Have they made co-op not retarded?
I talked my friends into playing it with World, and then found out you can't play normal co-op in the story missions, which you have to do to actually unlock 90% of the game. They expect you to play through a lengthy campaign before you can consistently play with each other. Saying "Okay, you have a 15 hour homework assignment before we can actually play together, and we'll never have the new game experience with each other" is not acceptable.
If you join your friends into a 'link party' in Wilds you can join each other's story quests without issues. The story in Wilds is really short anyway and then you're off to hunt and just do whatever. The main issue is if you're in an open-ended party session you're stuck on the current map, no switching to other maps. Essentially every map now works like the Guiding lands from World.
For whatever reason, painfully few games know how to do co-op right. I played remnant 2 with a buddy last year, and it was perfect. Duplicate loot so both of us got every drop. Fully shared campaign progression from start to finish. Easy drop in and drop out. The game has issues but we’re happily overlooked them because the co-op was done right.
Why do so many devs struggle with this shit? We have a sizable list of games that we considered playing only to skip them entirely when we found out that they had wonky co-op. It’s honestly a dealbreaker for me.
Worlds is an egregious one, for sure. You can’t pull in a new player for co-op. Either you join up with preexisting players or fans of the franchise because the onboarding is horrendous.
This is not the case because the other week my buddy helped carry me through the first Zorah Magdaros mission. I would have been very lost on that mountain and very salty had he not been there.
It's been a few years since I had played it, but this is the problem in more detail:
Any mission that has a cutscene- so most or all story missions- cannot be joined unless the host and joining players have all seen any cutscenes. Every person has to see the cutscene at the beginning of the hunt, so all new players have to load the hunt, find the monster, watch the cutscene after you found it, then all but one leaves their hunt and joins him. So you presumably launched an SOS flare for your friend after any cutscenes, or on your second attempt after watching them, and your friend had already played the mission, so he had already seen it.
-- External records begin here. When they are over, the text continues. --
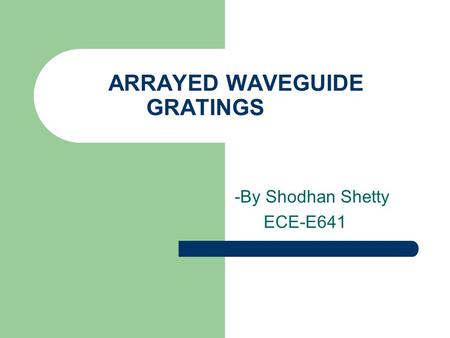 ARRAYED WAVEGUIDE GRATINGS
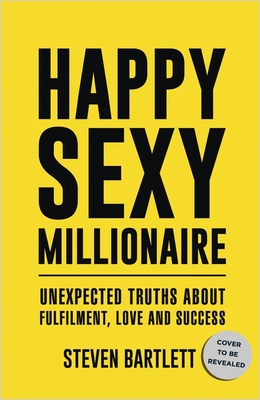 Happy Sexy Millionaire: Unexpected Truths about Fulfillment, Love, and Success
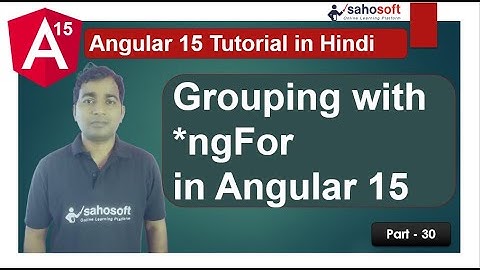 grouping with ngFor in Angular 15 | Angular 15 Tutorial in Hindi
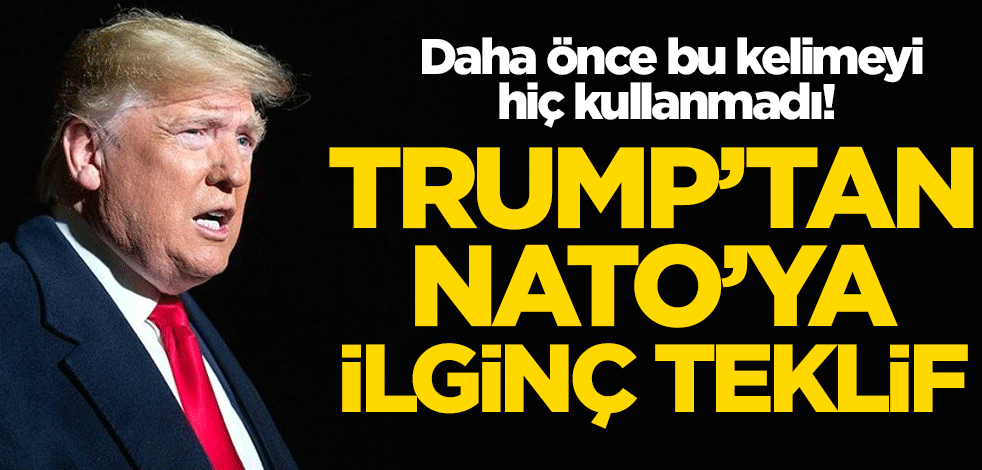 Daha önce bu kelimeyi kullanmadı! Trump'tan NATO'ya ilginç teklif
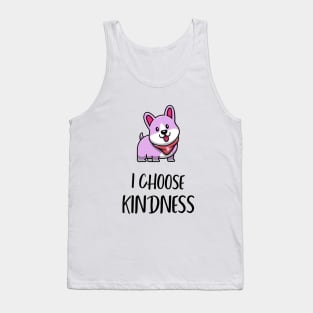 I Choose Kindness Tank Top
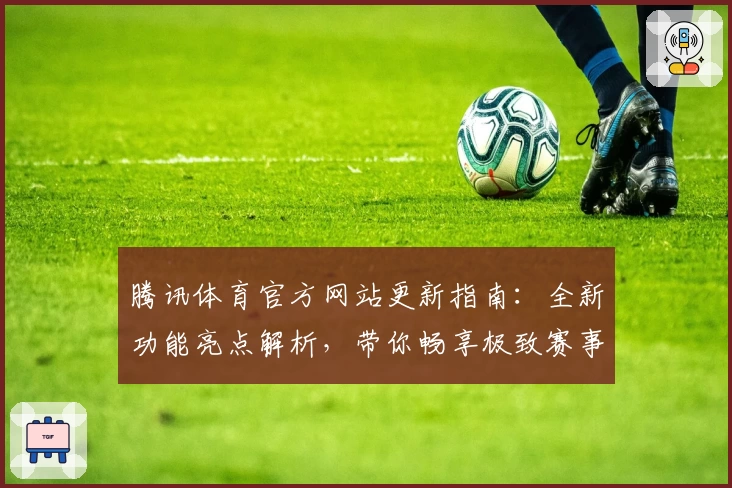 腾讯体育官方网站更新指南：全新功能亮点解析，带你畅享极致赛事体验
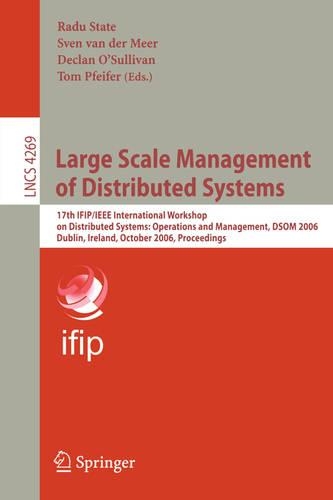 Large Scale Management of Distributed Systems: 17th IFIP/IEEE International Workshop on Distributed Systems: Operations and Management, DSOM 2006, Dublin, Ireland, October 23-25, 2006, Proceeding(4269 Lecture Notes in Computer Science)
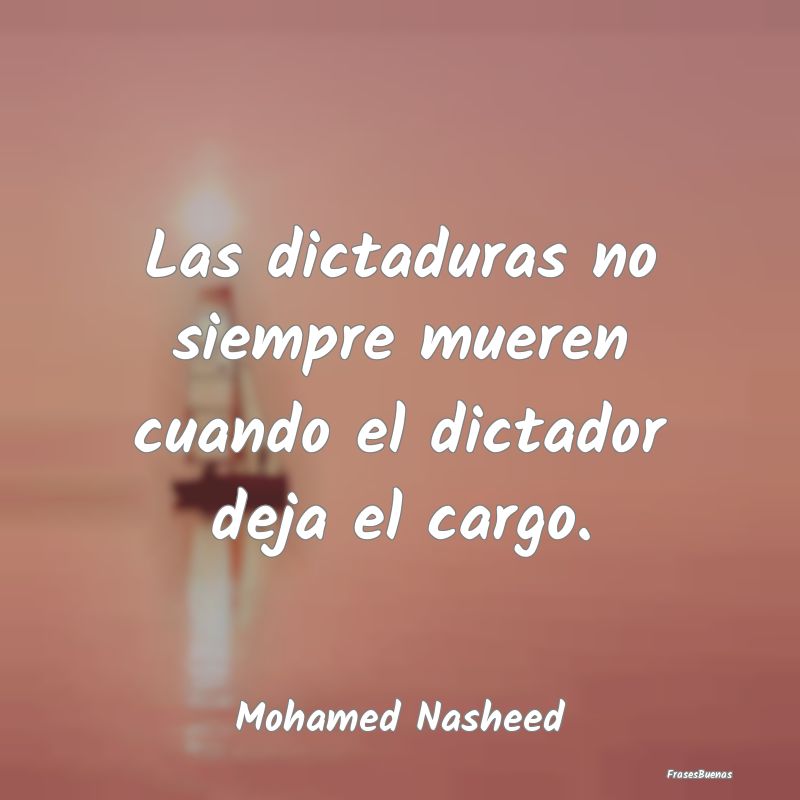 Frases sobre Dictaduras - Las dictaduras no siempre mueren cuando el dictado...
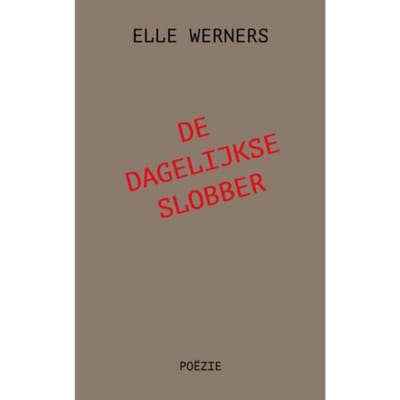 De Dagelijkse Slobber - ELLE WERNERS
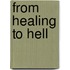 From Healing to Hell
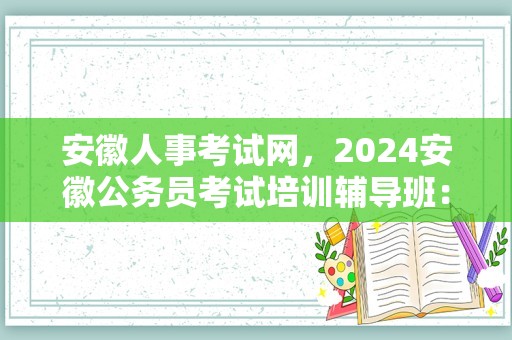 安徽人事考试网，2024安徽公务员考试培训辅导班：语句表达（7.26）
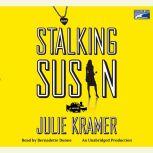 Stalking Susan, Julie Kramer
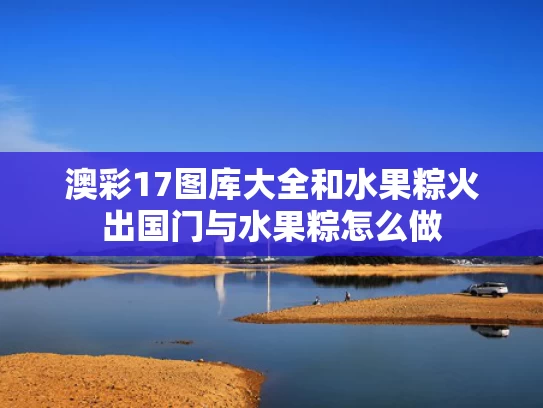 澳彩17图库大全	和水果粽火出国门与水果粽怎么做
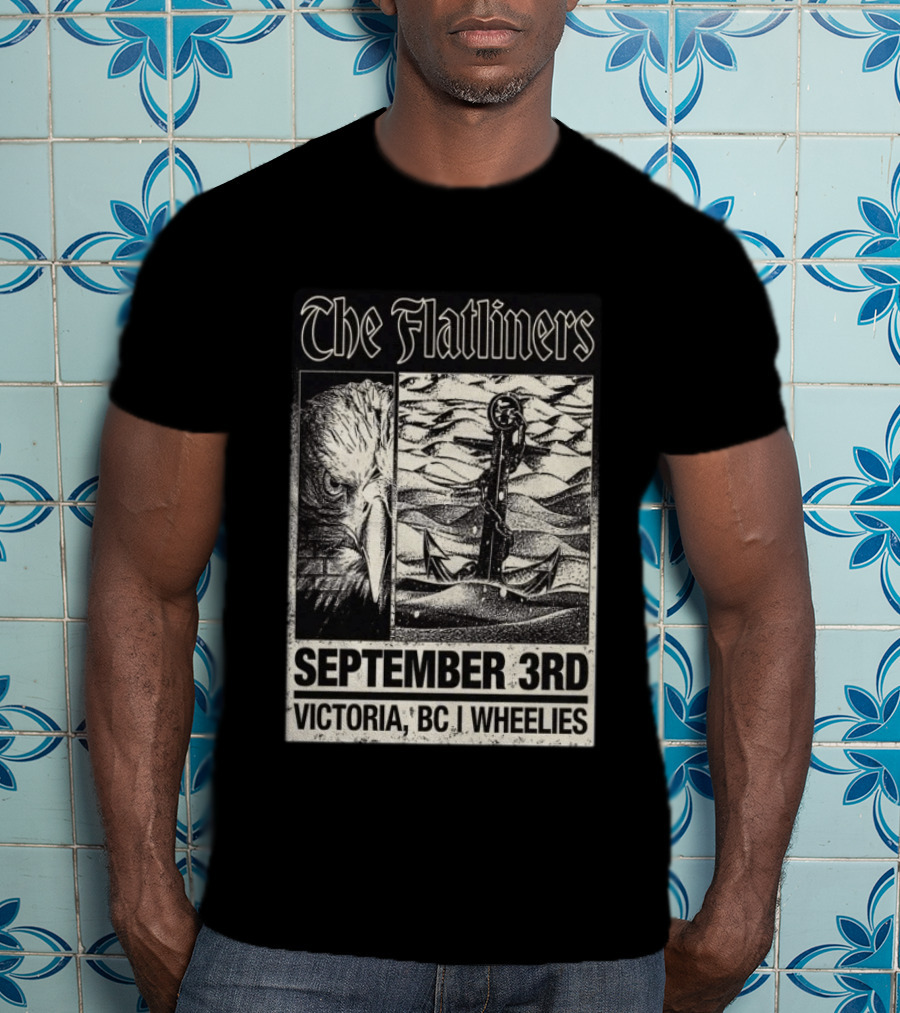 The Flatliners September 3rd Victoria BC Wheelies Eagle Anchor T-Shirt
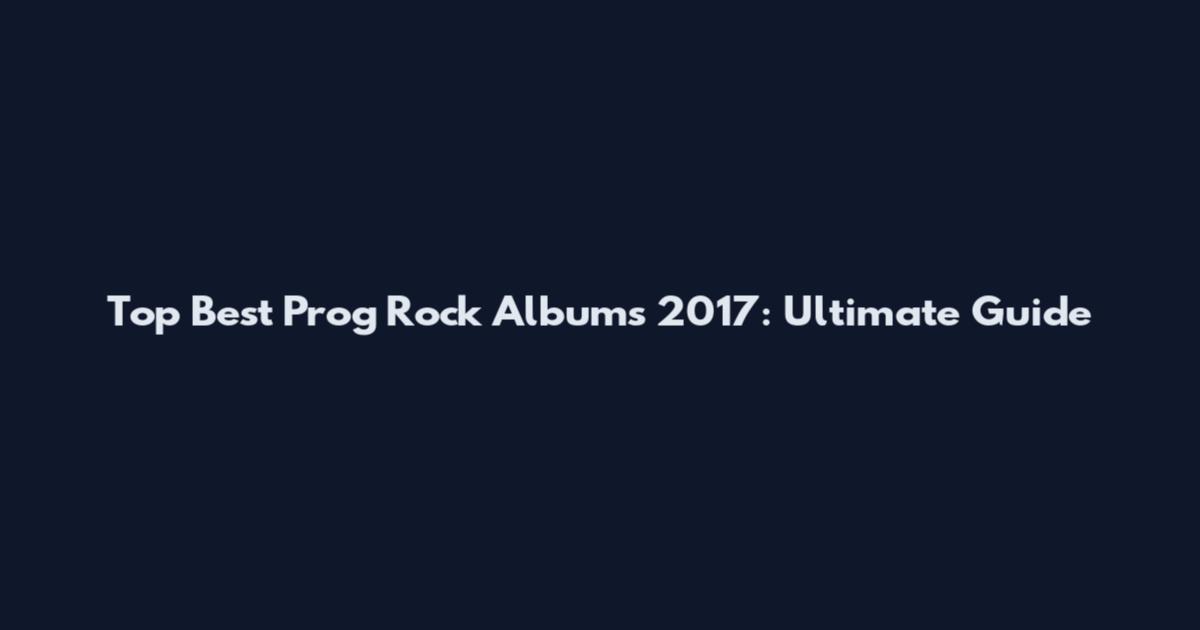 Top Best Prog Rock Albums 2017: Ultimate Guide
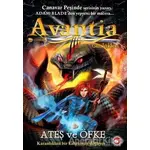 Avantia Günlükleri 4: Ateş ve Öfke - Adam Blade - Beyaz Balina Yayınları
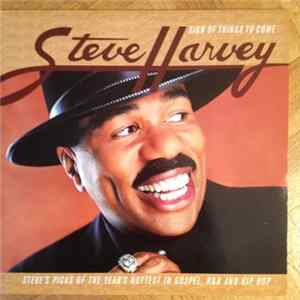 Various - Steve Harvey : Sign Of Things To Come FLAC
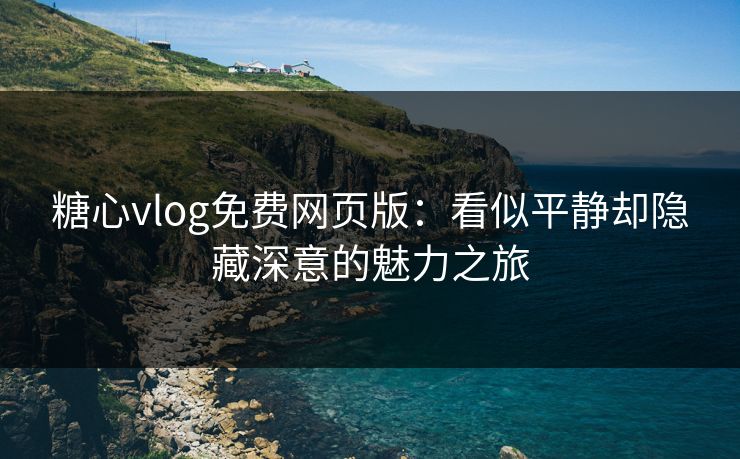 糖心vlog免费网页版：看似平静却隐藏深意的魅力之旅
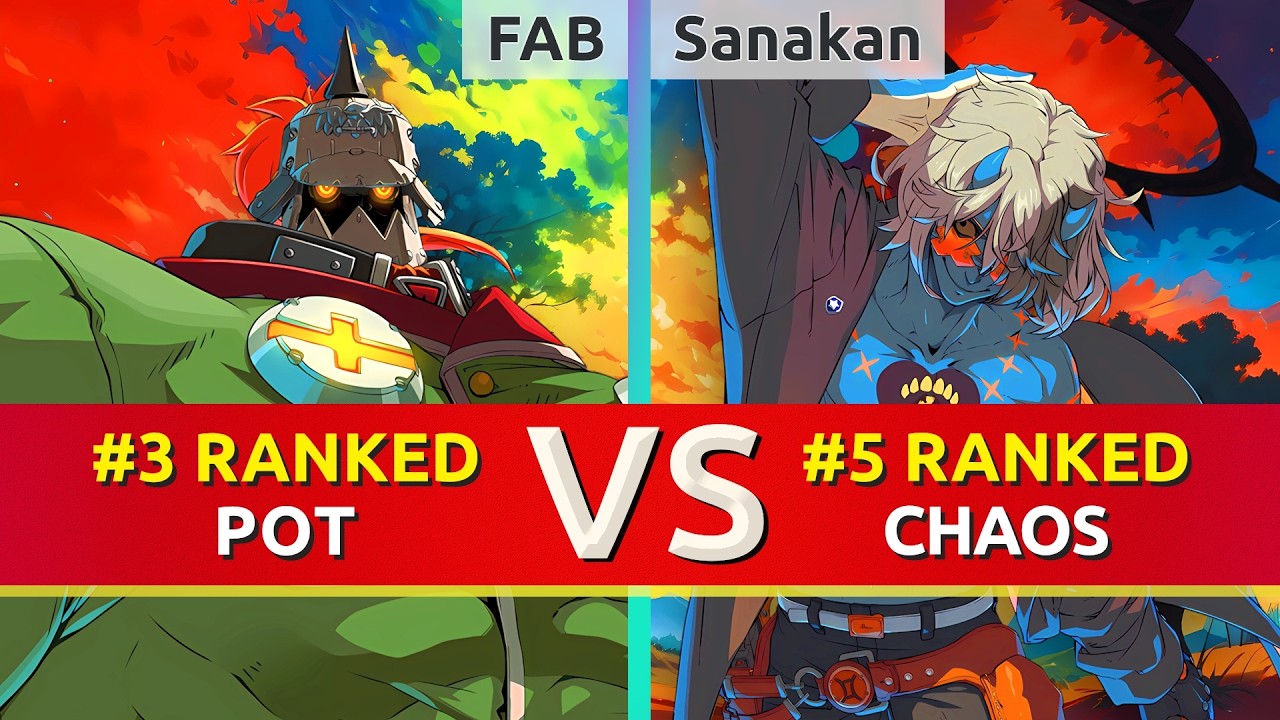 GGST ▰ FAB (#3 Ranked Potemkin) vs Sanakan (#5 Ranked Happy Chaos). High Level Gameplay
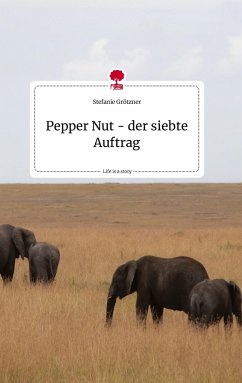 Pepper Nut - der siebte Auftrag. Life is a Story - story.one - Grötzner, Stefanie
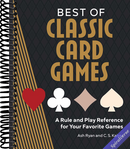 Best of Classic Card Games: A Rule and Play Reference for Your Favorite Games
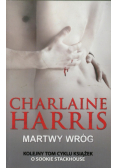Harris Charlaine - Martwy wróg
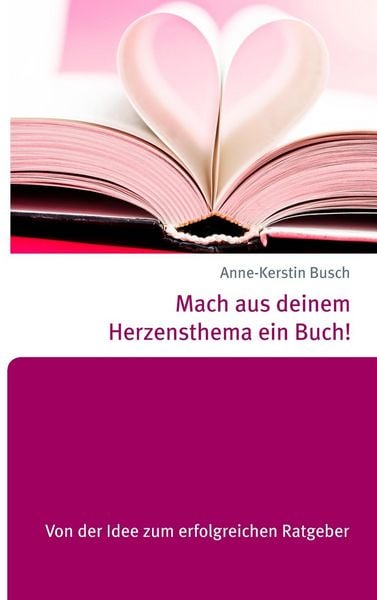 Produktbild: Mach aus deinem Herzensthema ein Buch!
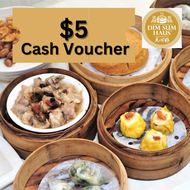 [Dim Sum Haus] $5 Cash Voucher [Redeem-In-Store]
If you had both been new, you would have both had to play the mission alone until after any cutscenes, then one would invite the other. I had thought that the joiners would additionally not get credit for completion, but it seems like that's not true, but it's still a lot of additional friction with no real justification.
It's pretty much the same in Wilds. Once you're done walking to your objective and watching your cutscenes, the battle will start and that will create a mission that is joinable by other people. So if everybody is playing the story at the same time, 3 people will have to skip out of their mission and then join the fourth.
Ah, he was further ahead so that might be what was going on.
Monster Hunter World also wasn't nearly the unoptimized mess that Wilds is. It had its share of performance issues on launch, but not quite like this and it didn't seem be to nearly as widespread.
World was unoptimized, but that was mostly fixable coding issues that they eventually accomplished.
Wilds has 2 DRMs operating at once, one of which is Capcom's own personal one which is incredibly bad, an in-house engine that is made for single-player linear levels trying to run an open world game, and multiple "special graphics " settings built into it making it a game of trial and error to figure out which one is destroying your system.
They screwed themselves hard on trying to fix it, and even that "million players on launch" metric is already fucked by how many were forced to refund due to it being unplayable.
I miss the MT Framework engine. That one managed to create so many great games.